4.2. Embedded Sensors

Many fashionable wearables use conventional sensors to gather data. These sensors can measure data types ranging from proximity to smell. The data is fed as input to the microprocessor chip to compute and perform.

Outputs can stimulate any of the five senses of the wearer or the audience. The options are endless and vary with the requirement (Table 3).

Table 3. Outputs to address specific senses

5. Materials

The use of enhanced materials in conjunction with current research in biotechnologies, nanotechnology and digital technologies lead to marriage of essential function and aesthetic design. Technically enhanced textiles are the enablers for innovative in the field of fashionable technology. An electronic textile is the one that can incorporate capabilities like sensing (biometric or environmental), communication (wireless), and power transmission essential for functionality.

The processing of data through microprocessors on the body requires energy that is primarily constituted by batteries. However it cannot be denied that battery life’s limited and therefore developers and designers look for alternative sources of energy that allows computation reliably.

An interesting alternative energy source for intelligent clothing is devised as the human body itself, which generates power through human body kinetics or fluctuations in body temperature (Fry, 2009).

Figure 7. Source Fashion Book, 2000

5.1. Garment Construction

While design wearable tech fashion, factors like comfort, durability and aesthetics are very essential. Thus designers have to have the comprehensive understanding of the user, purpose, application and the right price. Engineering of the fashionable wearable is influential of many considerations for construction (Table 4).

Table 4. Design construction for fashionable wearables

Garment interfaces: Interaction of the wearer with conductive metal-based buttons, hooks and zippers have become intuitive and can be modified into switches to open or close the electronic circuit.

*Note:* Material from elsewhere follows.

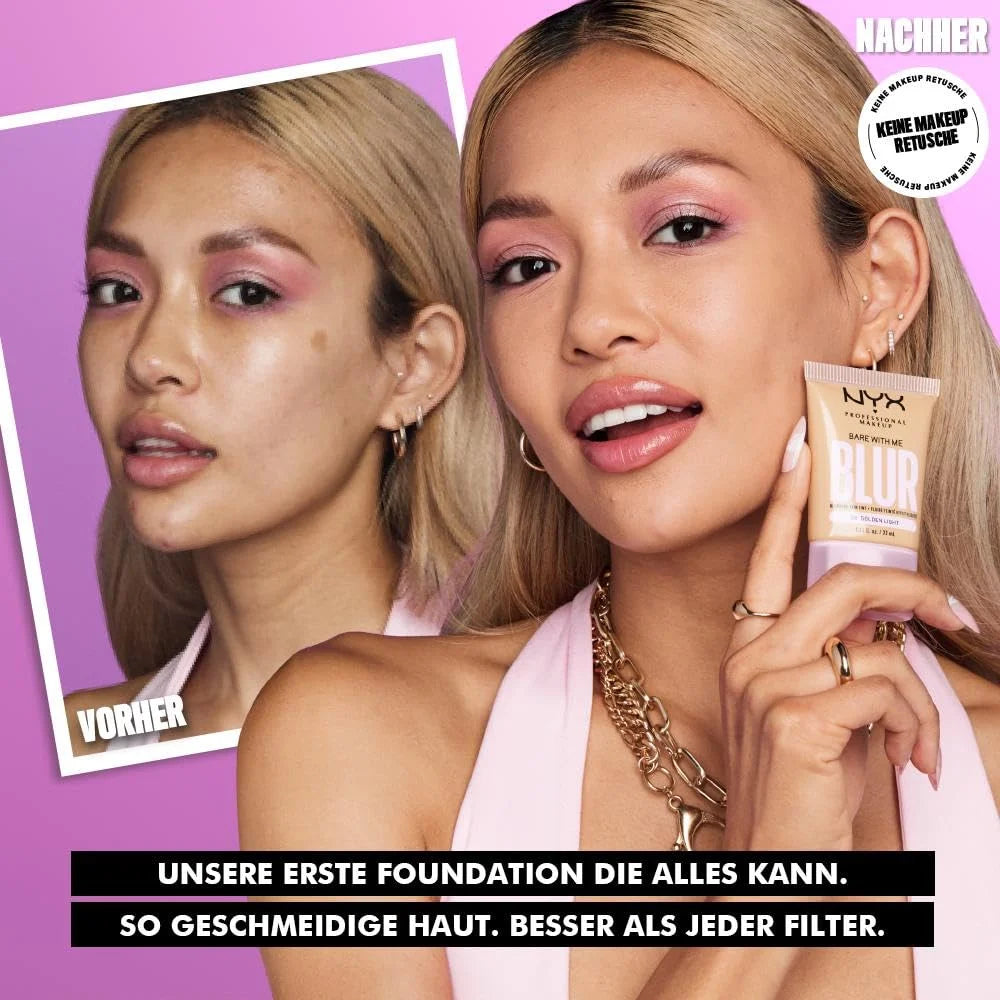 Light Neutral Blur Skin Tint Foundation X18256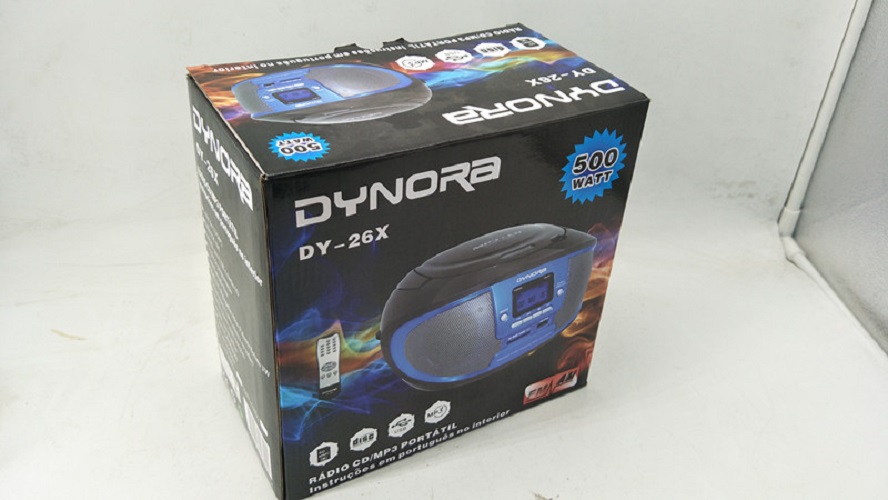 ĐÀI ĐĨA CD , USB ,RADIO DYNORA DY-X26 thương hiệu của Nga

Figure 8. Heartbeat sensor integrated color changing dress

6. Conclusions

Techno Fashion when seen through the prism of the current zeitgeist, it is not wrong to characterize it as apocalyptical. The current society is very much outlined as being problem-ridden and thus demands solutions to its myriads of contemporary issues. Techno Fashion is seen as optimal platform for implementing much-needed solutions. In this respect, wearable tech is viewed as enrtrance of mankind into its next evolutionary stage called posthumanism. It is the merger of technology and the human body that creates a positive apocalypticism. Techno Fashion’s problem-solving capabilities give rise to a hope for a better tomorrow. This hope in itself is one of the solutions for today’s problem-oriented society (Barthes, 2005).

Regardless of how radical the revolution will be within both humanity and technology, optimism can be drawn from Antoine Lavoisier, the father of modern chemistry who has said: Rien ne se perd, rien ne se crée, tout se transforme. (Nothing is lost, nothing is gained, everything merely transforms) (Florea, 2012).